Peter Sagan pulls off sensational win on stage 10 – Giro d’Italia

Giro d’Italia 2020

Stage 10

As the storm clouds cleared and a rainbow appeared above Tortoreto, Peter Sagan, the triple former world champion with the rainbow bands around his sleeves, pulled off a ride for the ages, soloing to a first win since the 2019 Tour de France to pick up his first ever stage victory on the Giro d’Italia.

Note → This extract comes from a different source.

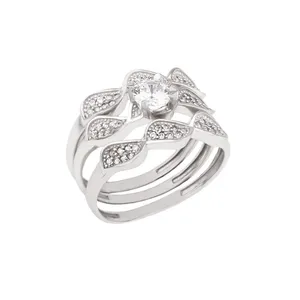 انگشتر نقره زنانه مدل 21709 مجموعه 3 عددی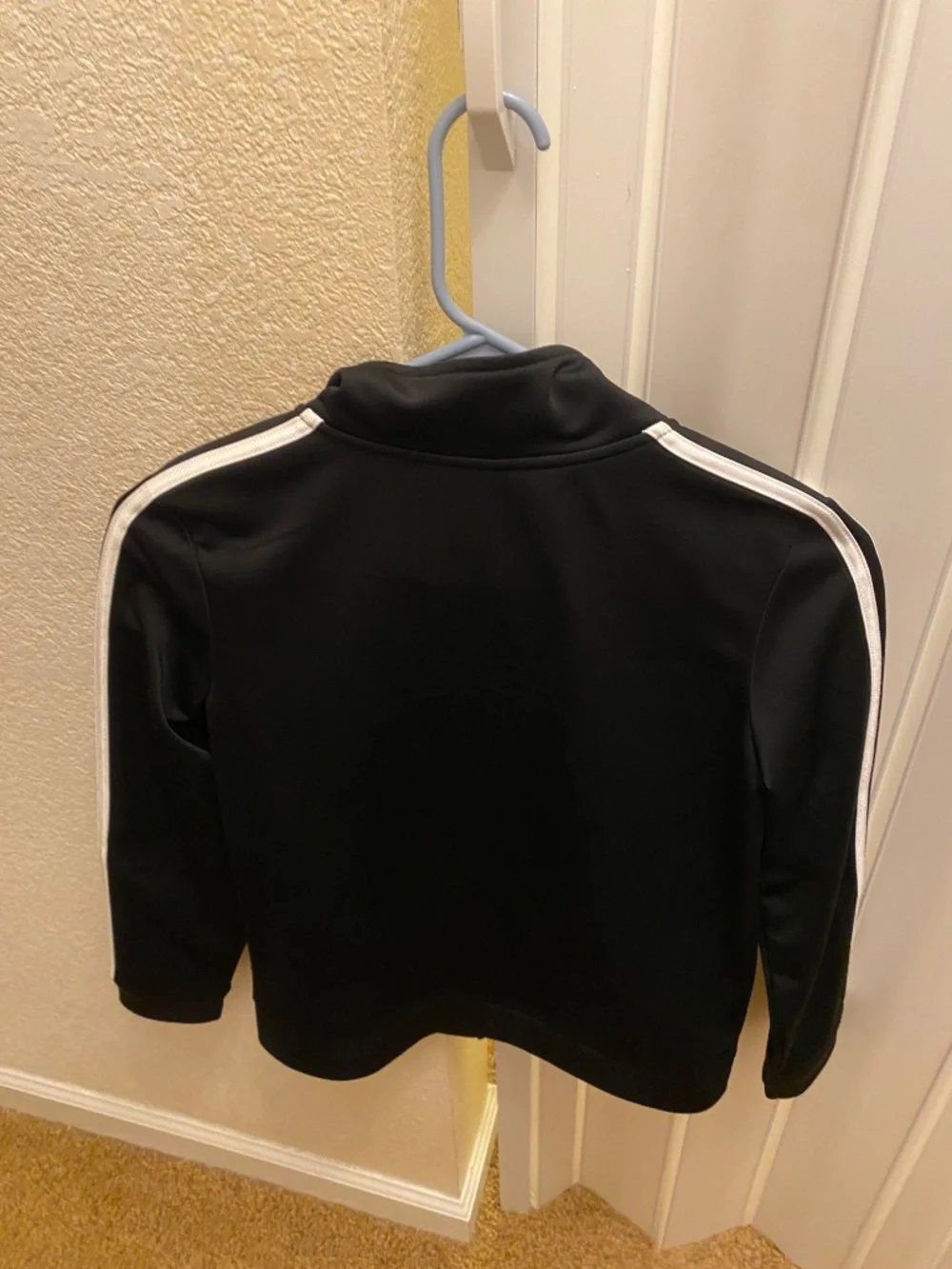 ADIDAS YOUTH FIREBIRD TRACK JACKET SZ S 9-10 BLACK & WHITE FULL ZIP W/ POCKET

The finale of today’s 177km Stage 10 was peppered with steep ramps and hampered by some almighty downpours – but one man could soon see clearly once the rain had gone.

After the frustration of three second places in his debut Giro, Bora-Hansgrohe’s Sagan finally struck gold, riding clear of the day’s breakaway with 12km remaining and withstanding the chase behind as the GC favourites battled for pink supremacy in the wake of an untimely puncture for Denmark’s Jakob Fuglsang.

Sagan held on to take an emphatic win by 19 seconds over the American Brandon McNulty (UAE-Team Emirates) while, right behind, Portugal’s Joao Almeida (Deceuninck-QuickStep) won the sprint for third place from a select group of GC favourites to add another four seconds to his lead at the top of the standings.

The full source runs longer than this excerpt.